The Alabama legislature has ratified a photo-identification and voucher law that will hinder about 500,000 registered voters, most of whom are people of color, because they lack a state-issued identification such as a driver’s license, identification card issued by the motor vehicle department, or passport.
“It is deeply problematic that Alabama’s secretary of state is trying to resurrect an unconstitutional and illegal relic of the Jim Crow South,” said Ryan P. Haygood, director of the defense fund’s political participation group. “Discriminatory voucher tests, which Congress explicitly banned along with literacy tests when it passed the Voting Rights Act in 1965, has no place in modern-day Alabama.”

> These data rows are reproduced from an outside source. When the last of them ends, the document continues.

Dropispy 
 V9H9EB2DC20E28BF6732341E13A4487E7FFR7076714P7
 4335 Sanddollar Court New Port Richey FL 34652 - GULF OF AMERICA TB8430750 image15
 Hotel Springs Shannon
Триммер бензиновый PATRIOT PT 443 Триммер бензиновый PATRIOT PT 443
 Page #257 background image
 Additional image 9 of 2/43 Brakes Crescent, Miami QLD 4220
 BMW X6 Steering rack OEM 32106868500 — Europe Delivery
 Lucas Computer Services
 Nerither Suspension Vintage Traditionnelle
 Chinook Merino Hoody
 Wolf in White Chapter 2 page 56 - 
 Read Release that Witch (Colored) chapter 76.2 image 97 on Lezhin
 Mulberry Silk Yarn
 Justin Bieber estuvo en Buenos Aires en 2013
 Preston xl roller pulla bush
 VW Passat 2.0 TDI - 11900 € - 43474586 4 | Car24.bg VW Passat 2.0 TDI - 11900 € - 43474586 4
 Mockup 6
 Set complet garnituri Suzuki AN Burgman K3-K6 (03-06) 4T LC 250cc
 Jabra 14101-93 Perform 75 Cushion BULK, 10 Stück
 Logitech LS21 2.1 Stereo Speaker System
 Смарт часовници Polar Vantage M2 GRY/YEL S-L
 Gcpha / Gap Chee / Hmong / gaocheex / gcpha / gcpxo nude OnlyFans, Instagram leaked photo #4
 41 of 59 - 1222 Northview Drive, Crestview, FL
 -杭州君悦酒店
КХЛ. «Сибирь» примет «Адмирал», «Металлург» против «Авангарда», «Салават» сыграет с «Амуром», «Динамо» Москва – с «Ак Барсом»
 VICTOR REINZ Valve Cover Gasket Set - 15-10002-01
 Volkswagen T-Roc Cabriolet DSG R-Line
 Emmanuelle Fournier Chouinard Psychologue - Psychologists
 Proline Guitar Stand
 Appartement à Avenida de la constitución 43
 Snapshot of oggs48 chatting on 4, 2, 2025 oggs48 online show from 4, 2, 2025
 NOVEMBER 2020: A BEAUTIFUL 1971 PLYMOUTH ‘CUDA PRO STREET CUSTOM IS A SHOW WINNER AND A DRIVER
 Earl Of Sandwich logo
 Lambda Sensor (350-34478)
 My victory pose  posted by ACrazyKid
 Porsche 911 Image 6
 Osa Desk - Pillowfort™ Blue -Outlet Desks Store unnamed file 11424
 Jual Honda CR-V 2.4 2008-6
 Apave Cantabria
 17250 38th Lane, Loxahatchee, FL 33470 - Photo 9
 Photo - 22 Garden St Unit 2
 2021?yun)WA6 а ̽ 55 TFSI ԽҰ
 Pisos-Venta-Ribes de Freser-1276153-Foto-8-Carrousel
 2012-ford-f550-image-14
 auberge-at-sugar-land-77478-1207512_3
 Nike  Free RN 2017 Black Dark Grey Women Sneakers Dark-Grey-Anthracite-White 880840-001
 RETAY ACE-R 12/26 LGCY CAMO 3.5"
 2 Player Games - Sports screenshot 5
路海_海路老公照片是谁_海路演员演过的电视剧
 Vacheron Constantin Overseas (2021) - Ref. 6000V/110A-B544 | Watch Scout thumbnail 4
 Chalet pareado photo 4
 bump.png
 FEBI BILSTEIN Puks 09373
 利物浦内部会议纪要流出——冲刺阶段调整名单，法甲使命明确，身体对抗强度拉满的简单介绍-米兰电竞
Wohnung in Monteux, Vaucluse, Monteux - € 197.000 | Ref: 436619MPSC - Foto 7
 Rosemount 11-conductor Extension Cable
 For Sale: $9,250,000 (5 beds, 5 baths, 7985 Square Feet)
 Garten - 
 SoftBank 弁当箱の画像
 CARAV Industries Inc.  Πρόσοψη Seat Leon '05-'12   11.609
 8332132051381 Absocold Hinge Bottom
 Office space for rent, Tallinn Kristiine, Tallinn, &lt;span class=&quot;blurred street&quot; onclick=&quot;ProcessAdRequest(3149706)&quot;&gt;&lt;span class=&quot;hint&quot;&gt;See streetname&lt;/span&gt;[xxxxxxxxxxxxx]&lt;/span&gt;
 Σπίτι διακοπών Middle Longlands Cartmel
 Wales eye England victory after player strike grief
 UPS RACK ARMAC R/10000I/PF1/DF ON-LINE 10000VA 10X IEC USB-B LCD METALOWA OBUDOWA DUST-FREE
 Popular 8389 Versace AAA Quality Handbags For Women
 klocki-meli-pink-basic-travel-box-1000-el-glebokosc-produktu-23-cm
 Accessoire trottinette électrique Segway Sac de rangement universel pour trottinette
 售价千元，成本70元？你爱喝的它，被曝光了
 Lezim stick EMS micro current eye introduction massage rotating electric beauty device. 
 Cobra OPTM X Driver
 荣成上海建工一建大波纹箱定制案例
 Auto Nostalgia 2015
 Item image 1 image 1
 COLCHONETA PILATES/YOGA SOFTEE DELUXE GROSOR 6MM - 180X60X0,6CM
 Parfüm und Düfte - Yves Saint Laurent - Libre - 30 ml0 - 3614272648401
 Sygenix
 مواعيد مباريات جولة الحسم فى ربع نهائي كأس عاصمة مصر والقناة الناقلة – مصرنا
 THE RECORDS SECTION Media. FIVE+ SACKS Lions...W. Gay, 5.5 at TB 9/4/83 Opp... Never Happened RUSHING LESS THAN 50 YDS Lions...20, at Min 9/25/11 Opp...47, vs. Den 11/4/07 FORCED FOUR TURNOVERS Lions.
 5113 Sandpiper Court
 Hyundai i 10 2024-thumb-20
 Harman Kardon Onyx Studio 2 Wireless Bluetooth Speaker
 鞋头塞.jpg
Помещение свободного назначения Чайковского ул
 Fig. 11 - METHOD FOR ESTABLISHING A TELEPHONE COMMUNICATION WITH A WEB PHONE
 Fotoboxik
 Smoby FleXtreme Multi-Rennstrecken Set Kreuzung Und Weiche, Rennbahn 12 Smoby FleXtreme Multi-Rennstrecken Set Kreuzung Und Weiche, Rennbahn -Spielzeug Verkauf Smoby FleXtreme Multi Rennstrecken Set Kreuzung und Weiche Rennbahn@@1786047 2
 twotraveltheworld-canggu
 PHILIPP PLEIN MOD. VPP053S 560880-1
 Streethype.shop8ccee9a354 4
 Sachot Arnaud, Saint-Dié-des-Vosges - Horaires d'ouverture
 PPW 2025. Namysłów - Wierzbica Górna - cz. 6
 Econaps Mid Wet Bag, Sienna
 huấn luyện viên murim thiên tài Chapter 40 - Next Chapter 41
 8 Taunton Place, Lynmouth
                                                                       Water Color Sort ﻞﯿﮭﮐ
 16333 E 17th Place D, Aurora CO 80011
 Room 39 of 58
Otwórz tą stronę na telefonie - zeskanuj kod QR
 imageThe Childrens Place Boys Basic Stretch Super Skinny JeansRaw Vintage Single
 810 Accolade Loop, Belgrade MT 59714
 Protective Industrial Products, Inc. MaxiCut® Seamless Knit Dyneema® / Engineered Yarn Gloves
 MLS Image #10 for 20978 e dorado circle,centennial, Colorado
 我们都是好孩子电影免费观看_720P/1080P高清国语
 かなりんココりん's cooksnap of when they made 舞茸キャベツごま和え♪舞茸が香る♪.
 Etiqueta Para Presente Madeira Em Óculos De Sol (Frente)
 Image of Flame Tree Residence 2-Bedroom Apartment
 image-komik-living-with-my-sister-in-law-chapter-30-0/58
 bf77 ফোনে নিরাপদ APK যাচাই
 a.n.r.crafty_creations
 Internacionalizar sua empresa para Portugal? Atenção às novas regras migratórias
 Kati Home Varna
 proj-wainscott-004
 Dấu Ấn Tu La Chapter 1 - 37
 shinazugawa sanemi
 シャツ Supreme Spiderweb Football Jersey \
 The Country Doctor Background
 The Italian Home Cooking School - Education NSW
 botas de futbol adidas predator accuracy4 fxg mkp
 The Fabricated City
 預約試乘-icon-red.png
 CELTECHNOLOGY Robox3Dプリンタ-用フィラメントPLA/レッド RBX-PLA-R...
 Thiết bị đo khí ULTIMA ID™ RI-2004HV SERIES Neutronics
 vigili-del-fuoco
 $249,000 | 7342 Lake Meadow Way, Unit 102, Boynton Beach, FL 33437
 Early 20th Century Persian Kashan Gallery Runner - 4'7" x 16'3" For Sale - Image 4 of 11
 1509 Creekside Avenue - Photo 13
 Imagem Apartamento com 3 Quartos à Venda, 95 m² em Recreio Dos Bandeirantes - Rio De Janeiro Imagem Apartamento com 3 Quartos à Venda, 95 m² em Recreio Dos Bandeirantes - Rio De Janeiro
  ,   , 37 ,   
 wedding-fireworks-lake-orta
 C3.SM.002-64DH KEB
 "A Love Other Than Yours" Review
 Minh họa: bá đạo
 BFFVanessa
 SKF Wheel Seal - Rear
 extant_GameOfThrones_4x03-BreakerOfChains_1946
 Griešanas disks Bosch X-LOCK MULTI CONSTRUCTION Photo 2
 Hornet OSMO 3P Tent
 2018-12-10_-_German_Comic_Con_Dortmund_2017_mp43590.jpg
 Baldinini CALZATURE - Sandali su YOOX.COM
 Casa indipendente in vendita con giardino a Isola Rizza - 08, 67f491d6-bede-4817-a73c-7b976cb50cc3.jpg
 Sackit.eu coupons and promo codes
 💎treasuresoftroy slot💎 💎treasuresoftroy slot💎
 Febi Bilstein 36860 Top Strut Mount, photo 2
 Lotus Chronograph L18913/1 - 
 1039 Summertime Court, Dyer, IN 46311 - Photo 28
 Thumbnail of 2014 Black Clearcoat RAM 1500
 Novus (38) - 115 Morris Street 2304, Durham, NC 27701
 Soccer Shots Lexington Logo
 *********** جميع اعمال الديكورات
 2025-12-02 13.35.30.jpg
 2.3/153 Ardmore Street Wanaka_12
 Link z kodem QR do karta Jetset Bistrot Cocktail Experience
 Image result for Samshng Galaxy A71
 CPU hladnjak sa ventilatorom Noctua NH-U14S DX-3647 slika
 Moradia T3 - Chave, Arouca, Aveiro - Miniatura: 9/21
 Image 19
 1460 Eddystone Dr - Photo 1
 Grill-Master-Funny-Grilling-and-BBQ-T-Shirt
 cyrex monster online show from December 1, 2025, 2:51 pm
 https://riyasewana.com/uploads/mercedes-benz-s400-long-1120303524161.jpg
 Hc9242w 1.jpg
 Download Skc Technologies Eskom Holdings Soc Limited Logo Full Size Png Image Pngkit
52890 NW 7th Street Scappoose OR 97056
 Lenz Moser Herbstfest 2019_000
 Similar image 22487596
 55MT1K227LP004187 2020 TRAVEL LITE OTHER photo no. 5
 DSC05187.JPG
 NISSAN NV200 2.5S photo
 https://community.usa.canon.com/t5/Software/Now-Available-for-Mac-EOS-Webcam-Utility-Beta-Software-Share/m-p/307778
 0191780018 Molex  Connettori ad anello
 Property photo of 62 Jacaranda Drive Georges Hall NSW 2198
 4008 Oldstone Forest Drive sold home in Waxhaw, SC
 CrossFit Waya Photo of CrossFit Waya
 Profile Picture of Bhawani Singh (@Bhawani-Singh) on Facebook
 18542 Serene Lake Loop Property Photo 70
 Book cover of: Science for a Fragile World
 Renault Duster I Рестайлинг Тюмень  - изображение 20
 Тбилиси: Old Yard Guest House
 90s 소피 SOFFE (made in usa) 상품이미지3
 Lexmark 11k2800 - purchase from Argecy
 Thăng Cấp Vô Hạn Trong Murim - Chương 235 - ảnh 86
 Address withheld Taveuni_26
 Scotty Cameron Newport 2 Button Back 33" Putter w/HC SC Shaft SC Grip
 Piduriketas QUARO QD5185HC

The fund sent a letter to Jean Brown, the chief legal adviser to the secretary of state, citing a Reuters poll stating that 37 percent of white people in Alabama have no acquaintances of a different race. Therefore, it is logical to assume that many white officials will not be able to vouch for large number of people of color who do not have photo identification, the letter states.
Deuel Ross, the Fried Frank Fellow at the defense fund, said that Alabama needs to act quickly before the June 3 primary.
“This voucher test is exactly the kind of discriminatory device that the Voting Rights Act was designed to stop and that Section 5 would have prevented were it not for the United States Supreme Court’s devastating decision in Shelby County v. Holder,” Ross said.